# [Aim of the task]
Leaving out the pictures, write out exactly each line from the line with "72 Albert Court" through the close of the listing below.

# [Data]
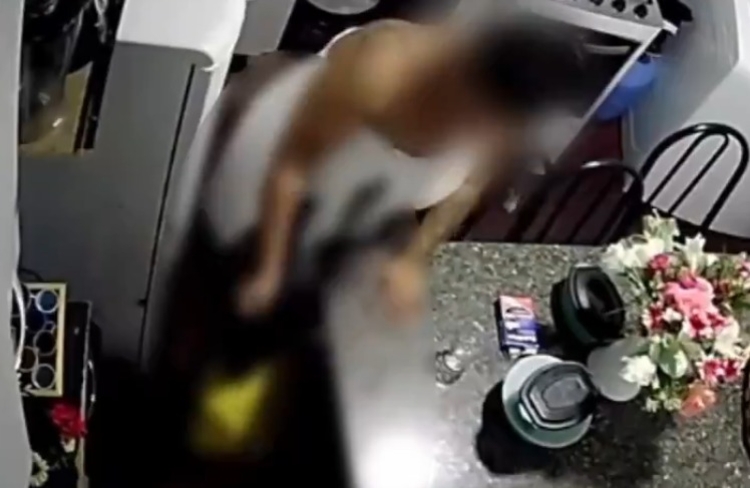 Pai e madrasta são presos após câmera flagrar criança sendo espancada na Compensa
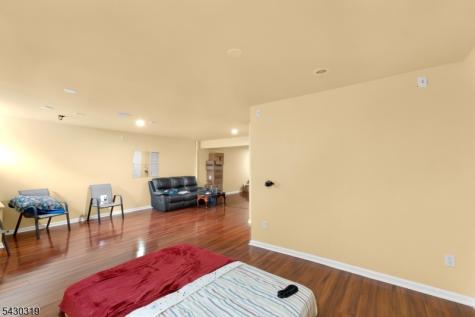 72 Albert Court Parsippany-troy Hills NJ 07054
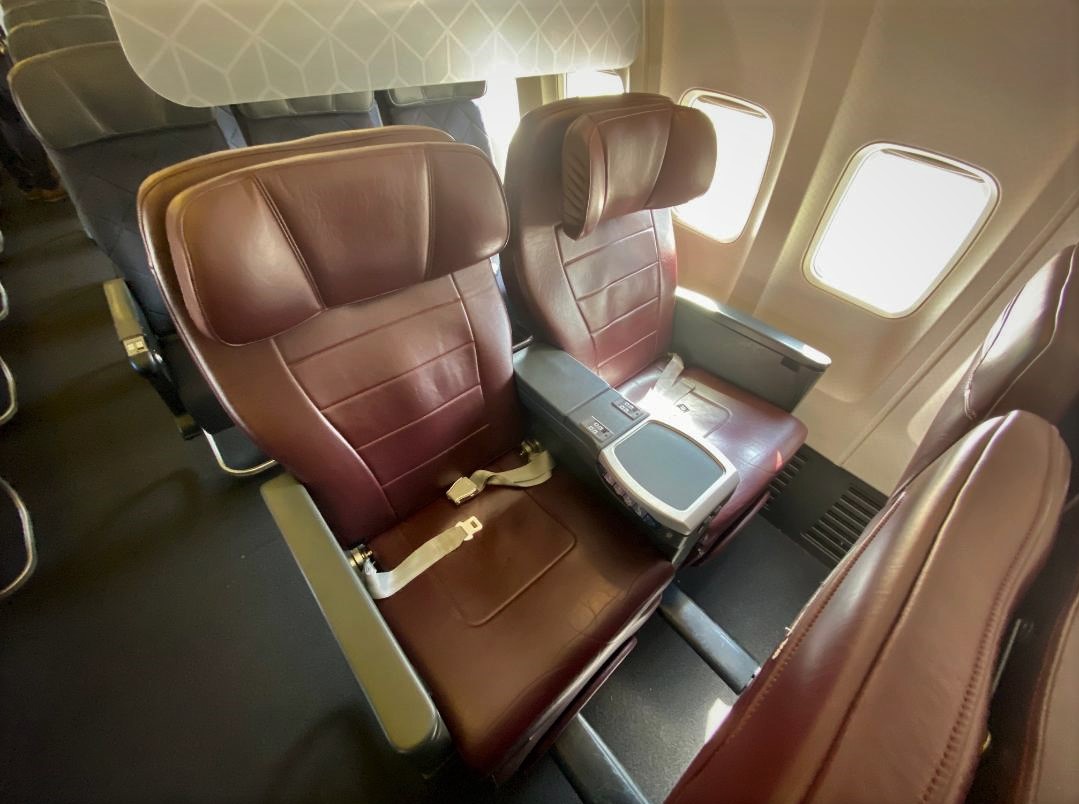 Qantas B-737 Business Class Seat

# [Exercise output]
 72 Albert Court Parsippany-troy Hills NJ 07054
 Qantas B-737 Business Class Seat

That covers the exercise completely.